Hong Kong stocks plunge 6% as fears about Xi’s third term trump China GDP data

The content originally appeared on: CNN

Hong Kong
CNN Business

Hong Kong stocks had their worst day since the 2008 global financial crisis, just a day after Chinese leader Xi Jinping secured his iron grip on power at a major political gathering.

Foreign investors spooked by the outcome of the Communist Party’s leadership reshuffle dumped Chinese equities and the yuan despite the release of stronger-than-expected GDP data. They’re worried that Xi’s tightening grip on power will lead to the continuation of Beijing’s existing policies and further dent the economy.

Hong Kong’s benchmark Hang Seng

(HSI)
Index plunged 6.4% on Monday, marking its biggest daily drop since November 2008. The index closed at its lowest level since April 2009.

The Chinese yuan weakened sharply, hitting a fresh 14-year low against the US dollar on the onshore market. On the offshore market, where it can trade more freely, the currency tumbled 0.8%, hovering near its weakest level on record, even as the Chinese economy grew 3.9% in the third quarter from a year ago, according to the National Bureau of Statistics. Economists polled by Reuters had expected growth of 3.4%.

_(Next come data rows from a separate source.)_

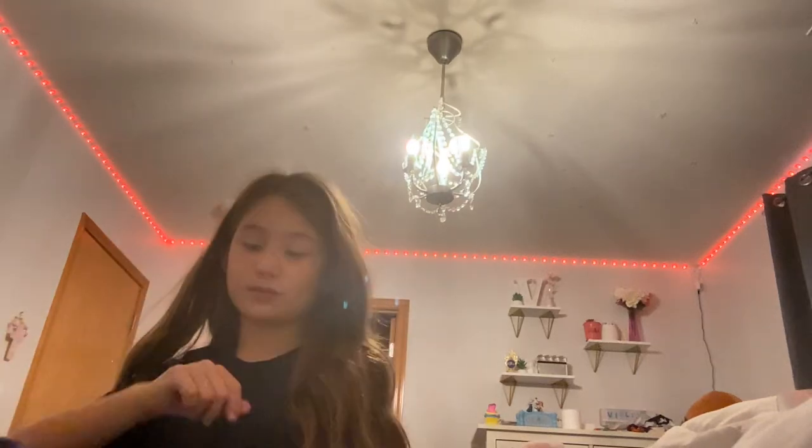Welcome back to my channel. Today I'm going to be doing my daily makeup session. So let's go put on some concealer. Blend that up.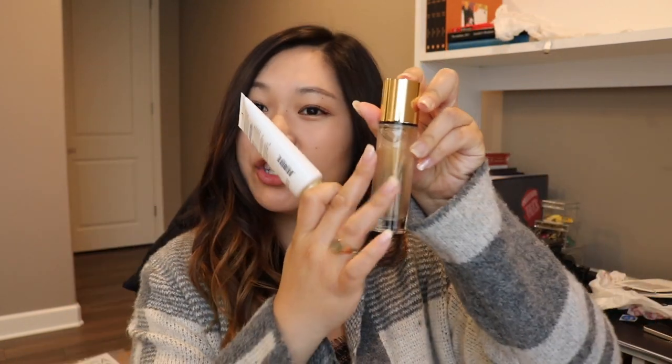For Coachella I purchased the Supergoop mini three-pack, which came with their Unseen Sunscreen, body sunscreen mousse, and a sunscreen spray. The spray had an intense alcohol smell that I didn't like on my face, but I loved the Unseen Sunscreen — it's SPF 40 with a gel texture that sits really well on your face. I've been looking for a good everyday sunblock to wear under makeup and I think this is it. My makeup didn't budge much in the Coachella sun even with sweating.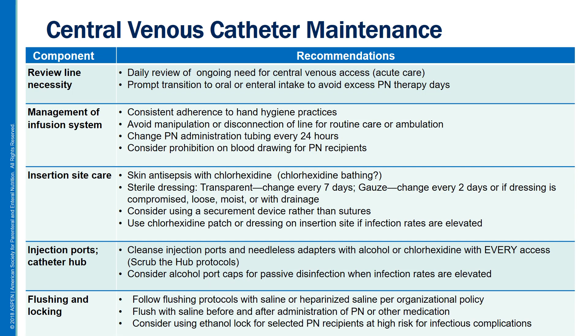Now let's turn attention to preventing complications associated with central lines. The first component is reviewing the necessity of the line. In acute care this occurs daily, but for those involved in nutritional support it also means ensuring prompt transition to oral and enteral intake to avoid excess PN days. Next is management of the infusion system — the tubing and connections. The primary intervention is consistent adherence to hand hygiene practices. Avoid manipulation or disconnection of the line for routine care or ambulation. Change the PN administration tubing every 24 hours, more frequently than is done for standard IV therapy. Also consider a prohibition on blood drawing for PN recipients, which represents a high-risk form of manipulation of the system.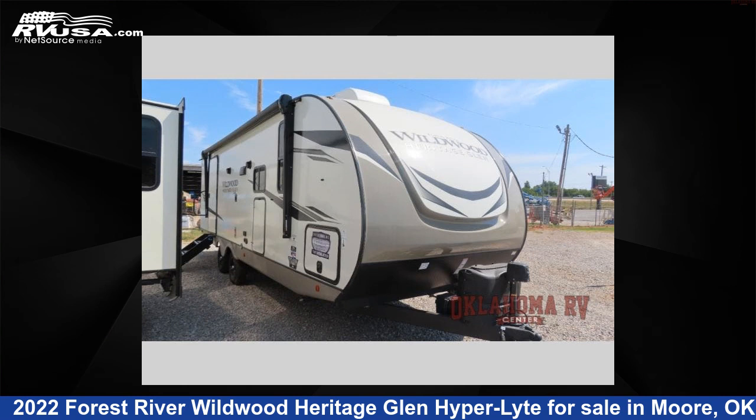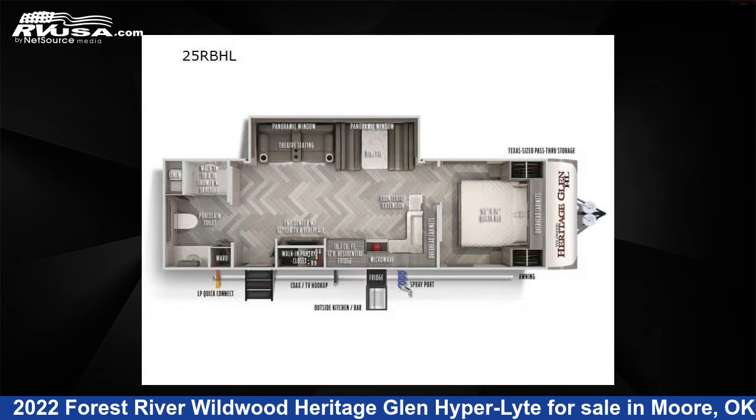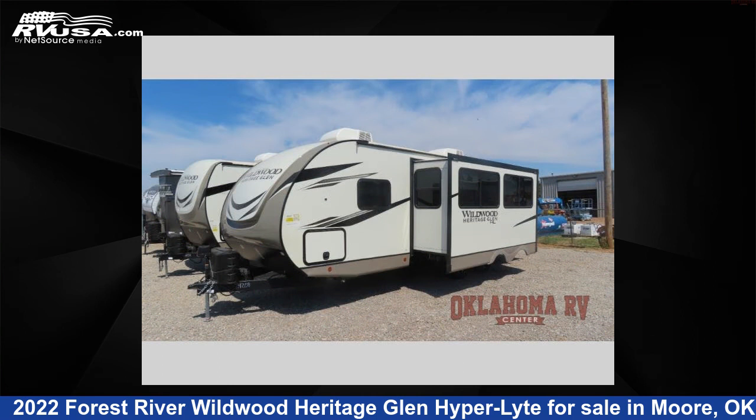This 2022 Forest River Wildwood Heritage Glen Hyper-Lyte 25RBHL is a travel trailer RV. It is located in Moore, Oklahoma 73160 and is offered for sale by Oklahoma RV Center.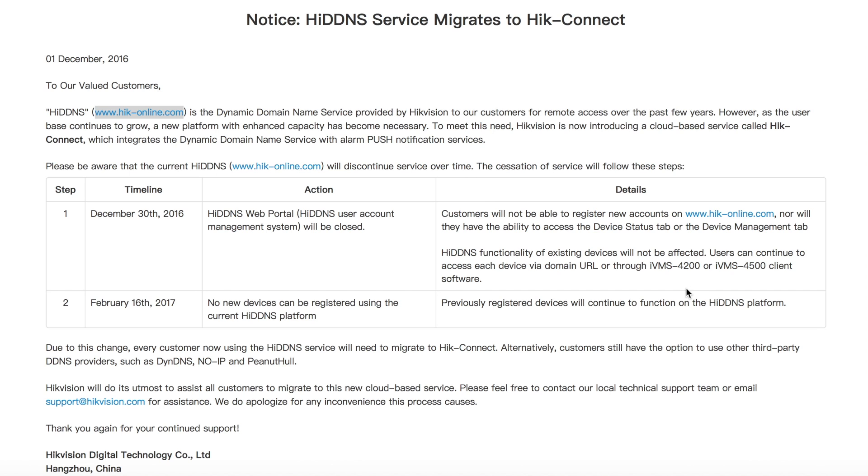A few things to note before you do this: to improve the user experience, you need to make sure you enable the UPnP function in both your router and your device, and also configure port forwarding manually in your router. There are many videos out there on how to do this, and I'll do one shortly as well. You can still use the Hike Connect service even if you don't use UPnP or configure port forwarding manually.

The sharp sell-off came one day after the ruling Communist Party unveiled its new leadership for the next five years. In addition to securing an unprecedented third term as party chief, Xi packed his new leadership team with staunch loyalists.

A number of senior officials who have backed market reforms and opening up the economy were missing from the new top team, stirring concerns about the future direction of the country and its relations with the United States. Those pushed aside included Premier Li Keqiang, Vice Premier Liu He, and central bank governor Yi Gang.

“It appears that the leadership reshuffle spooked foreign investors to offload their Chinese investment, sparking heavy sell-offs in Hong Kong-listed Chinese equities,” said Ken Cheung, chief Asian forex strategist at Mizuho bank.

The GDP data marked a pick-up from the 0.4% increase in the second quarter, when China’s economy was battered by widespread Covid lockdowns. Shanghai, the nation’s financial center and a key global trade hub, was shut down for two months in April and May. But the growth rate was still below the annual official target that the government set earlier this year.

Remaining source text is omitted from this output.